Decade-old resentment started to float to the surface and she planted a hand on one of her hips. "Why would I be in trouble?"
Drew raised an eyebrow and snorted. "You pull into town like a rocket in a fancy car that you're driving into the ground like money doesn't mean a thing to you."
"I own a successful business." Not successful enough for an Aston Martin in the garage, but what did she care?
"You run a pot shop," he retorted.
"Yeah, one that's totally legal in Denver." She should have expected the judgment she heard in Mr. By the Book's tone, but like an asshole, she hadn't. That stung. "Why, do you want to search the car?" Unable to stop herself from tormenting the both of them, she took a step closer to him and looked up at him through her thick eyelashes knowing just how much he liked to feel in charge—he never took that domineering attitude off, not even when he took off the badge. "You wanna search me?"
His body stiffened. "I don't think that's necessary."
For a second, she teetered on the edge of reaching out and touching him—letting her fingers skim down the length of his broad shoulders, across the solid wall of muscle he called a chest, and over the hard plane of abs in a journey that led straight to his belt buckle and all the hard goodness that was tucked away inside his pants—but she pulled back just in time, snapped out of the coquette imitation and back to her normal self. "Good, then how about helping me change the tire?"
He let out a half groan, half sigh and started to roll up his sleeves. "Give me the jack."
She could change the tire. It wasn't that she didn't know how, but some things were too good to miss. Seeing Drew Jackson's forearms flex as he went to work on her flat tire was one of them, especially when he'd be so focused on the job at hand that he wouldn't know she was watching.
"So what's the deal with those guys following you?" he said in mid-tire change.

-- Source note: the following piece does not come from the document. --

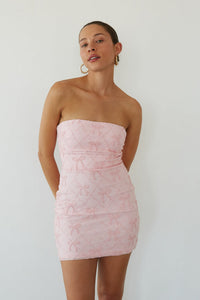 pink-image | Woman wearing a light pink strapless dress against a plain background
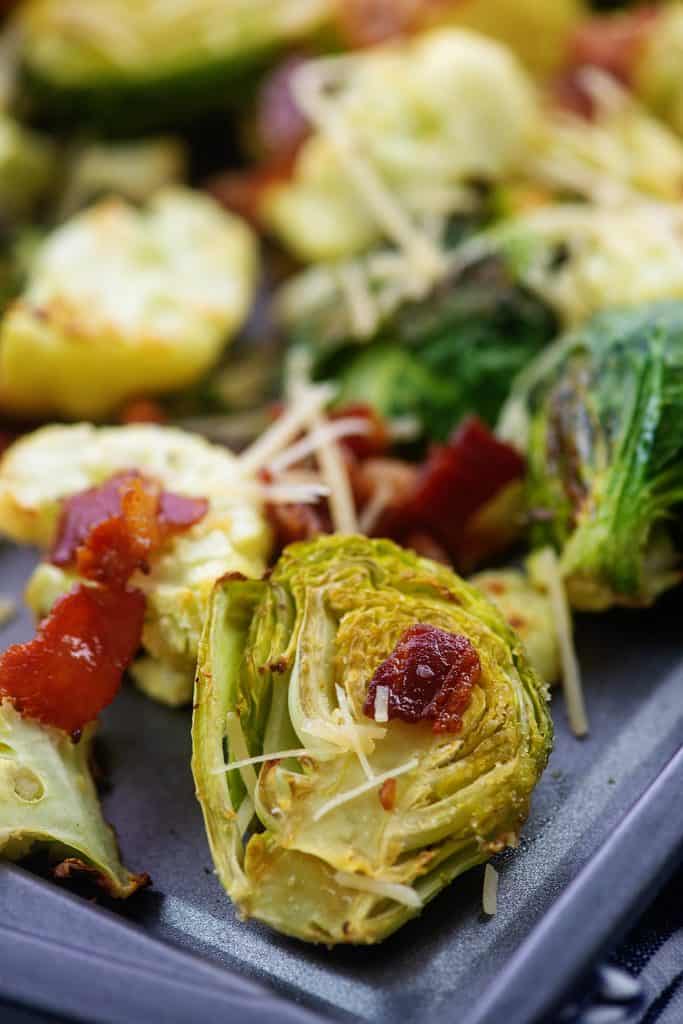 low carb roasted Brussels sprouts with bacon and Parmesan on baking sheet.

Leah had noticed the ginormous truck in her rearview mirror about thirty miles outside of Fort Worth. It hadn't gotten weird until she noticed the truck mirroring every one of her moves as she switched lanes, passed cars and did an almost stop at a gas station. By the time she'd gotten to Catfish Creek, adrenaline was slingshotting through her body hitting every nerve.
"I really don't know." She wished like hell she was lying, but she had no frickin' clue who those assholes were.
Drew grunted in answer and finished putting on the donut tire he'd gotten out of the trunk. "This should get you to the service station. They'll probably have to order the tire you need. I doubt that Vasquez's Auto Care carries Aston Martin-approved tires."
Oh, she was so not forking over that kind of cash. "It's a rental."
"That's one way to treat yourself."
Pride pricked at his disapproving tone, she doubled down on his obvious belief that she was some sort of drug queen pin. "At least I know how to have a good time."
He stood up, eyeballing her from head to foot and back up again as he wiped his hands on the small mechanic's towel that had been in the trunk next to the jack. The look made her flush in all the best ways as warm desire slid across her skin as tangible as a lover's touch. Judging by the knowing smirk on his face, he noticed.
"As I recall," he said, tossing the towel in the small compartment where he'd already put the jack, "you know how to do a lot of things—most of which don't exactly fit in the good category."
Not when it came to them. "Are you flirting with me, Drew Jackson?"